You might dismiss the findings if it was only present in one poll. But that voter opinion of Ms. Quan’s first term as mayor was reflected in the November, 2013 David Binder poll.
 While the mayor led the field with 32 percent of first choice votes in the Binder poll, she came in last in the field with 7 percent of second choice votes. That was before Ms. Schaaf had actually declared her candidacy and Ms. Ruby and Mr. Siegel got into the race and began figuring in the voters’ calculations, and before Mr. Parker significantly raised his public profile by strategic spending of his large campaign bankroll. Those developments could only mean that the mayor’s second choice totals would be more likely to have gone down since Mr.

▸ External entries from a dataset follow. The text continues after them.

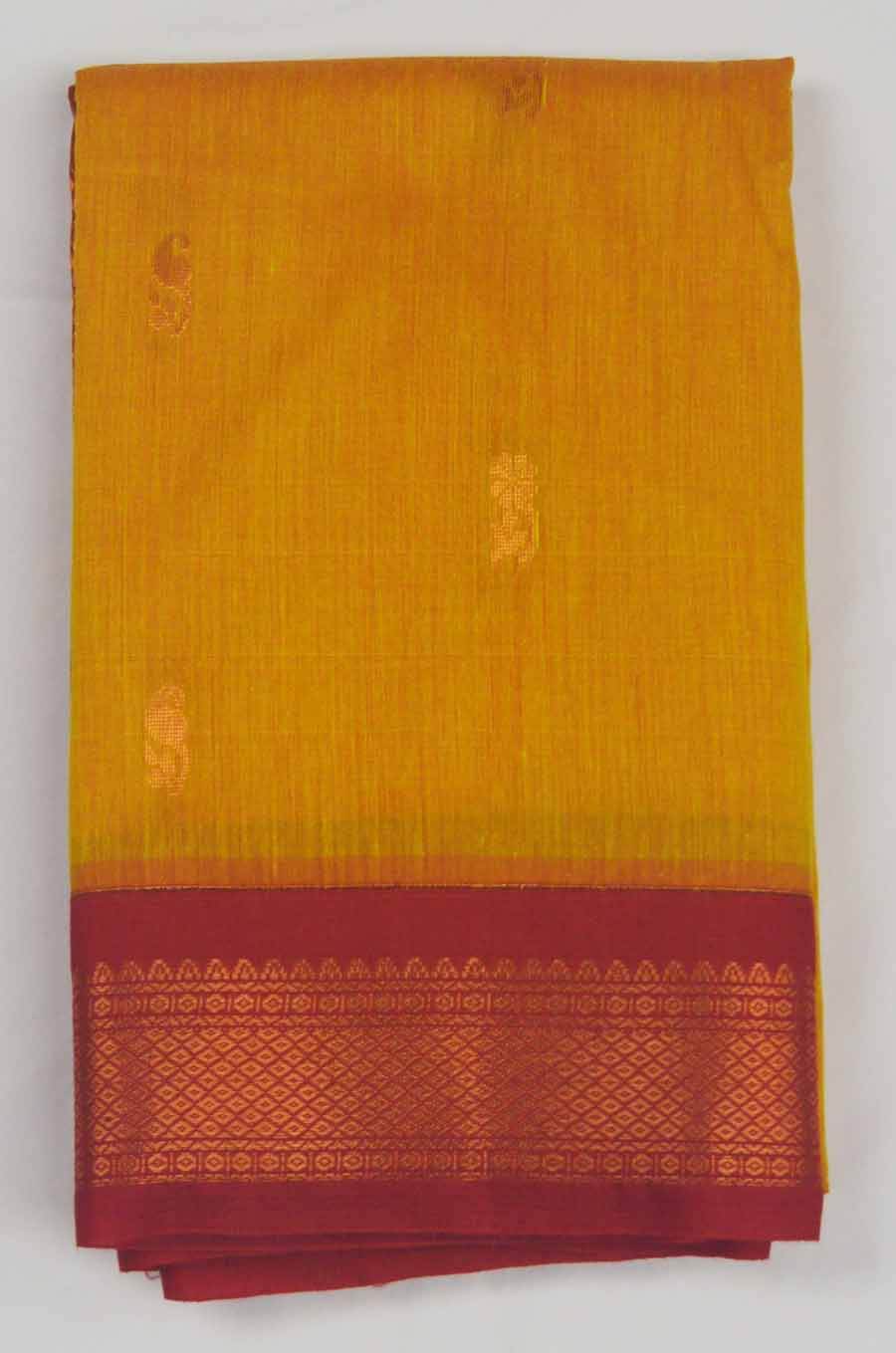 Art Silk 12862
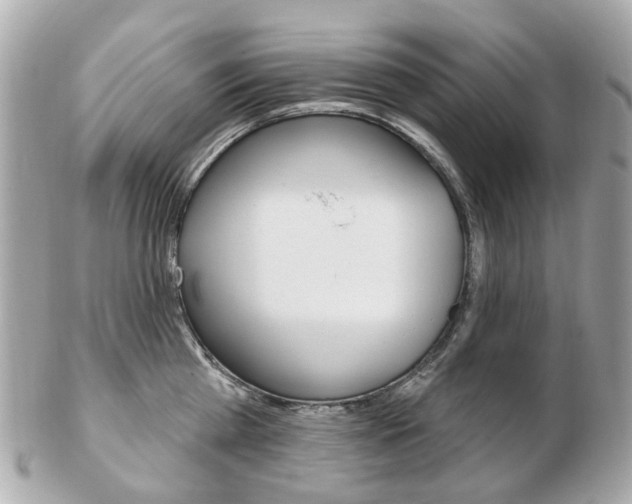 X0000103280809200808291044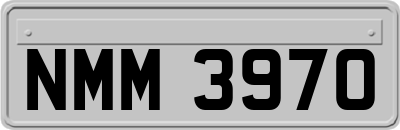 NMM3970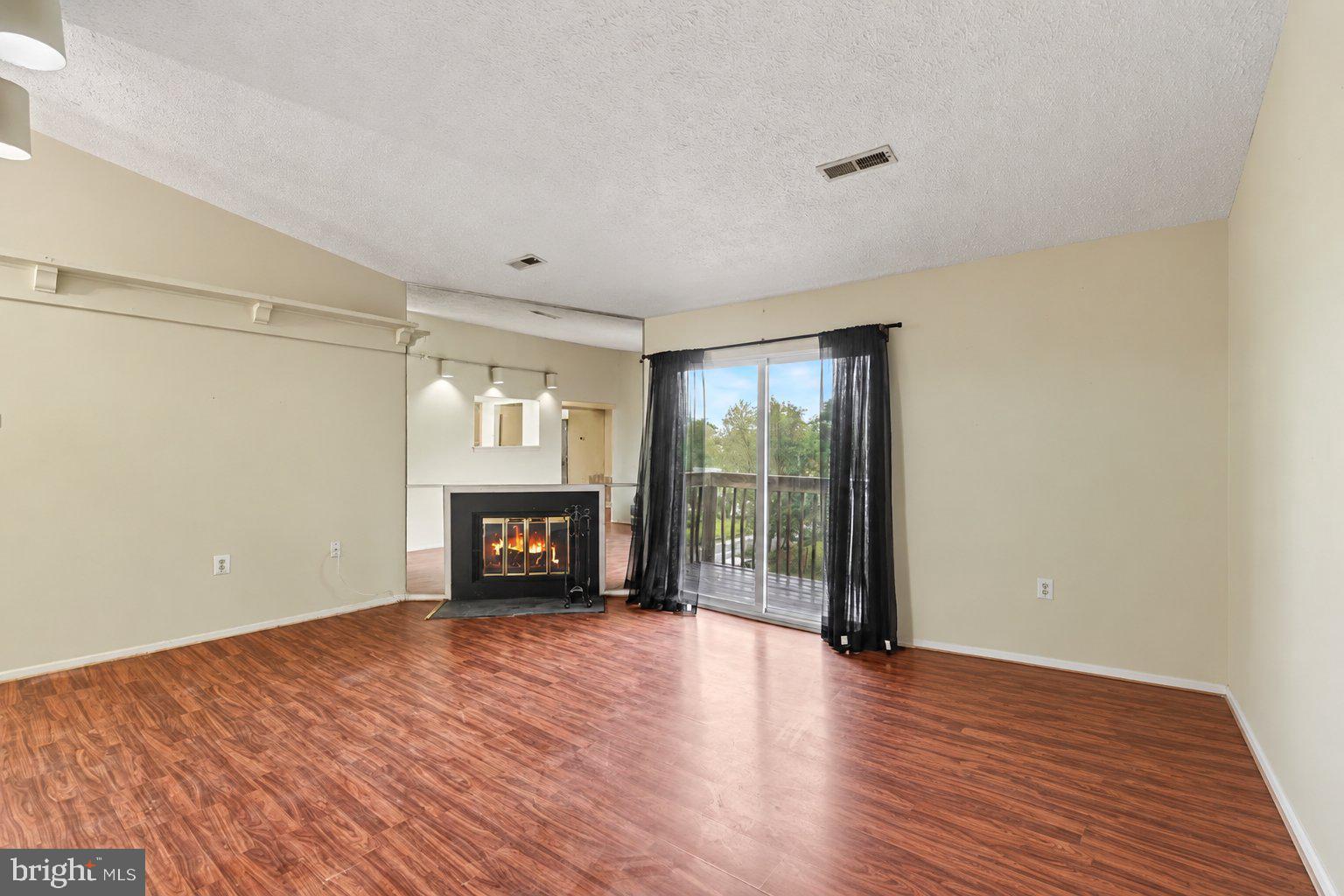 991 BERN DRIVE 991-3A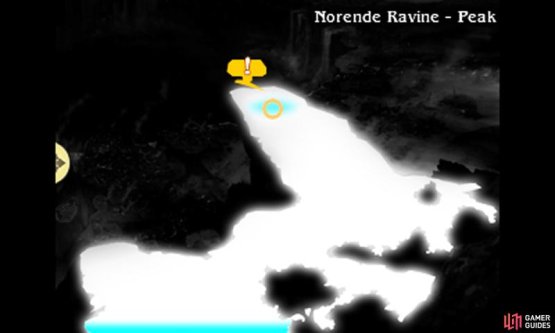 Pok&eacute;mon: X & Y Screenshot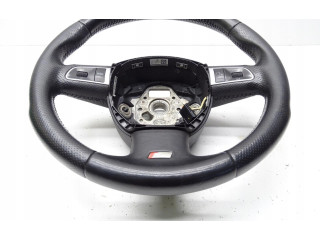 Volant Audi A5 8T 8F 2012 8K0419091BB  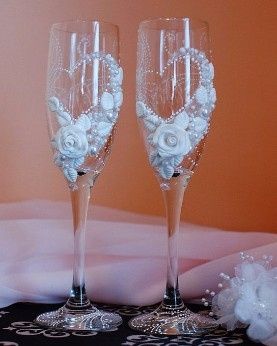 Flutes 5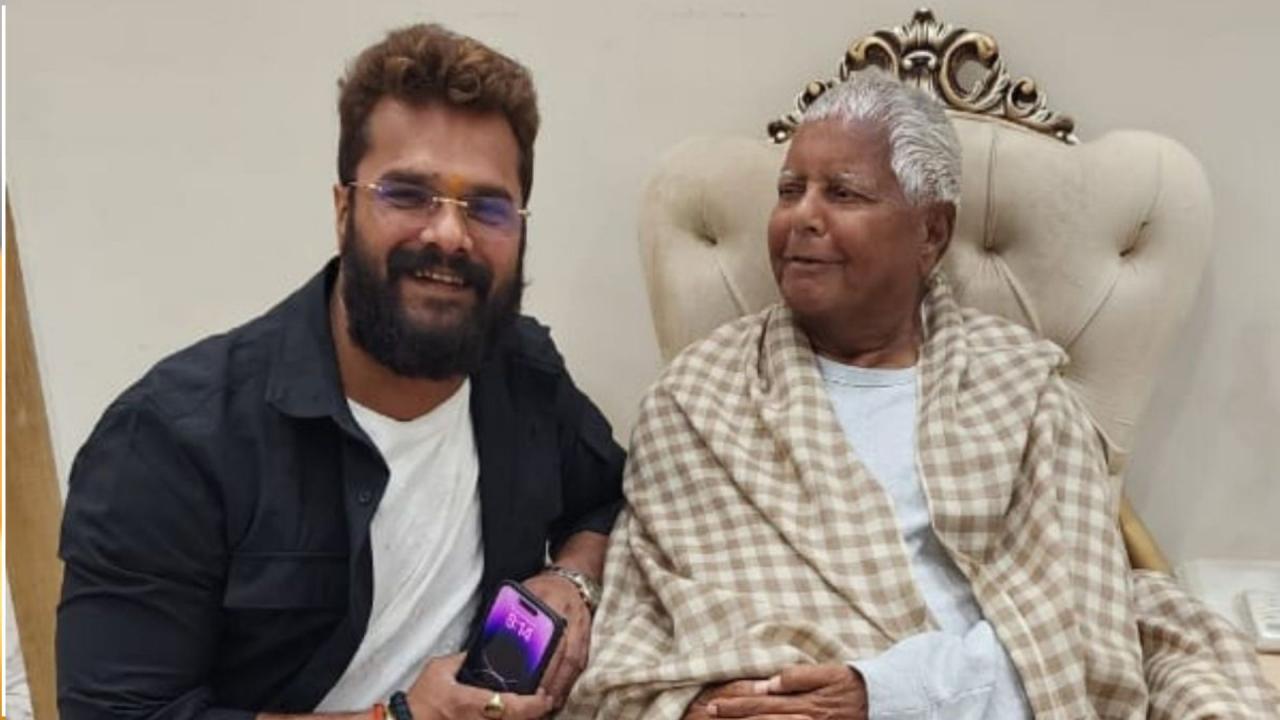 बिहार में बदलाव जरूरी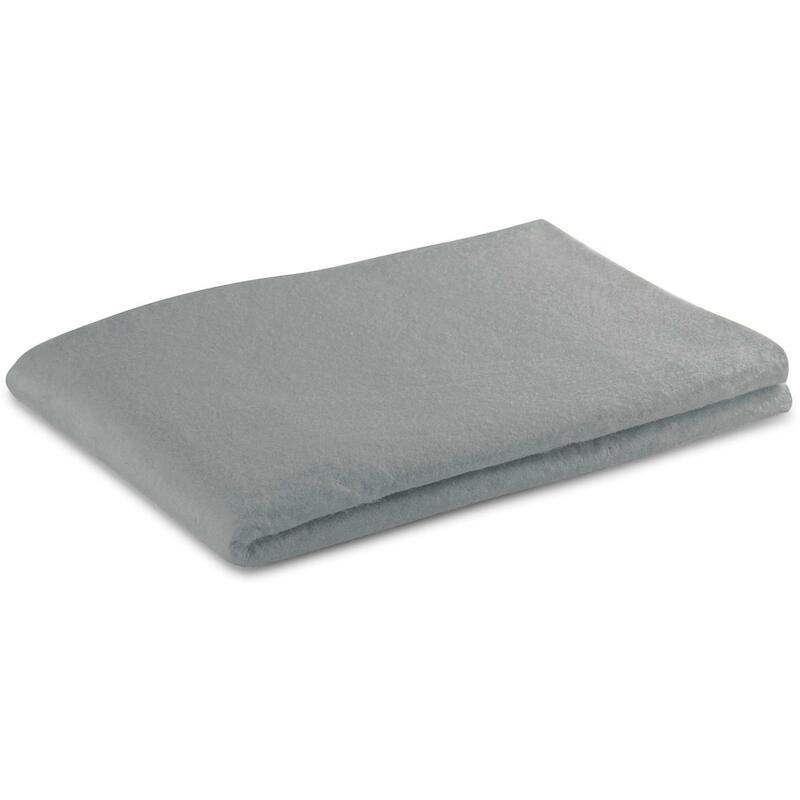 SERVIETTE VISCOSE 100X40CM  26438730       KARCHER
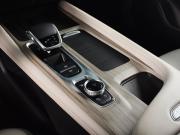 Chery Arrizo 8 Кемерово  - изображение 42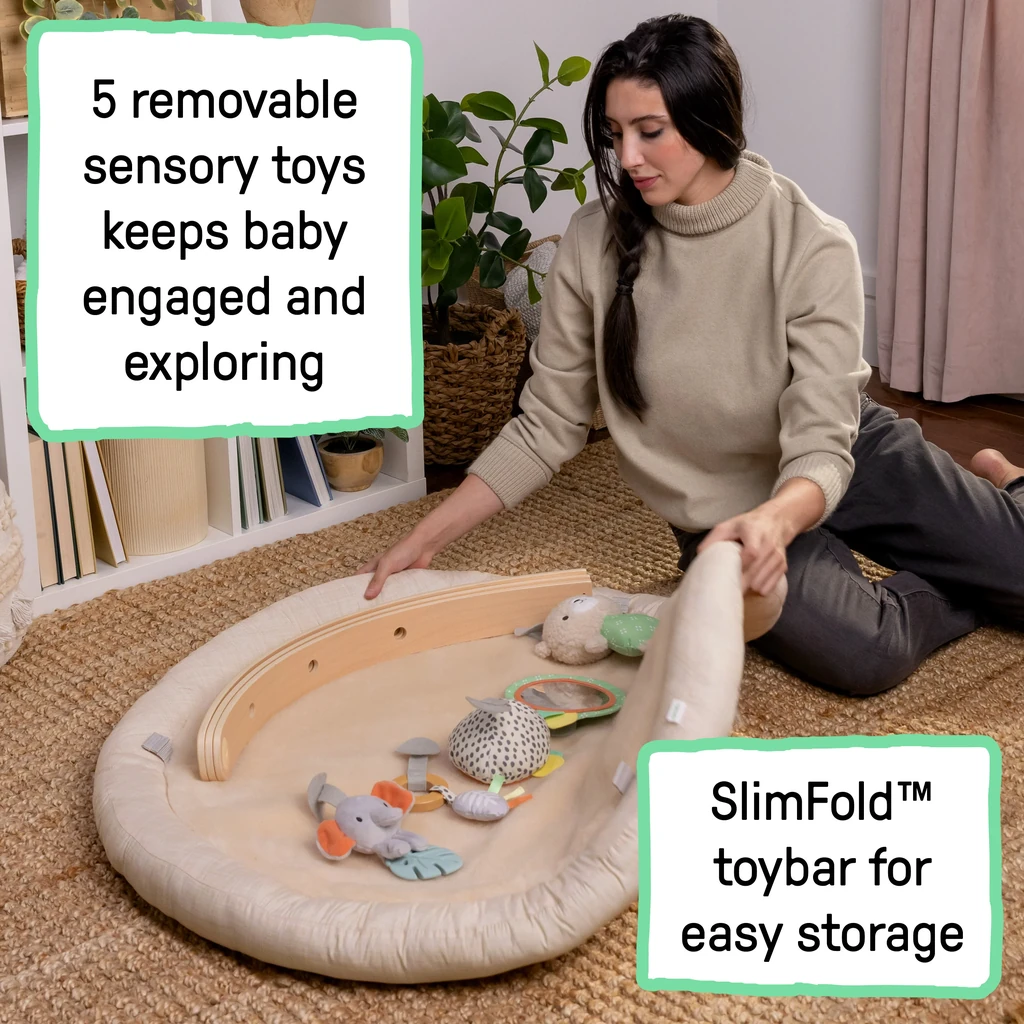 ingenuitytm-every-seasontm-plush-lambswool-play-gym-5.webp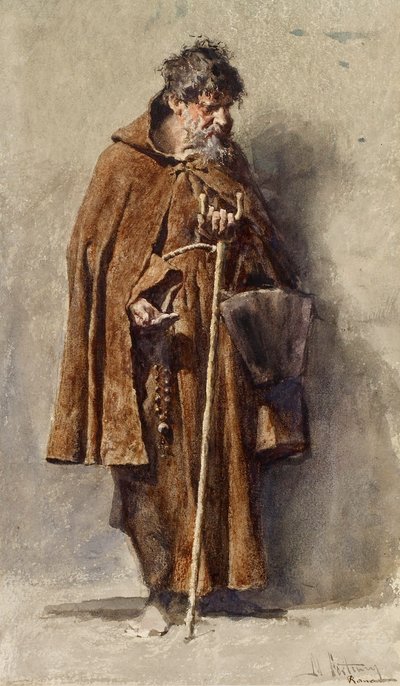  autorstwa Mariano Fortuny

Binder polled Oakland voters, rather than up. With whatever her third choice votes might be, that would leave her stuck somewhere in the low to mid 40 percent total, not enough to win, contrary to what Willie Brown believes will happen.        

What this means that Ms. Quan’s road to victory might lie not in the direction of outpolling the others in second and third choice votes, but in a significantly decreasing number of second and third choice votes for everybody, so that her first choice votes end up as a larger and larger pecentage of the total votes cast as the balloting goes deeper into the elimination rounds.        

That’s a possibility but, with so many attractive candidates on the ballot, it’s not the most likely of scenarios.        

To win, therefore, Ms. Quan has to make the case that even though voters did not particularly like how her first term came out, either better results from her past policies and decisions and actions will begin to kick in during a second term or, in the alternative, she will pledge and promise do things differently in her second term that will make for better results than in the first. Tearing down the other candidates is also a possibilty for Ms. Quan, but there is a danger that such negative campaign might work as much against the mayor with voters as it might work against her opponents.        

That leaves the 2014 Oakland mayoral campaign as we started, with a difficult road to re-election for Ms. Quan. But one must remember that at the beginning of the 2010 Oakland mayoral race, Ms. Quan was not favored to beat out former State Senator Don Perata, with San Francisco Chronicle columnist predicting that “there is nothing standing between … Don Perata and the Oakland mayor's office but time, opportunity and blue skies.” We all know how that one turned out, so none of Ms. Quan’s many challengers should be making plans to change the color of the drapes in the mayor’s office just yet. None of them may end up making the case to Oakland voters that they, rather than Ms. Quan, should spend the next four years running Oakland's city government.        

There’s plenty of campaigning left to go before November, and a wide collection of candidates to follow and evaluate. Let’s spend the next few months doing that evaluation and sorting out. There’s no rush, and it’s an important decision to make, with the lives and safety and comfort of so many citizens at stake, as well as the future of our city.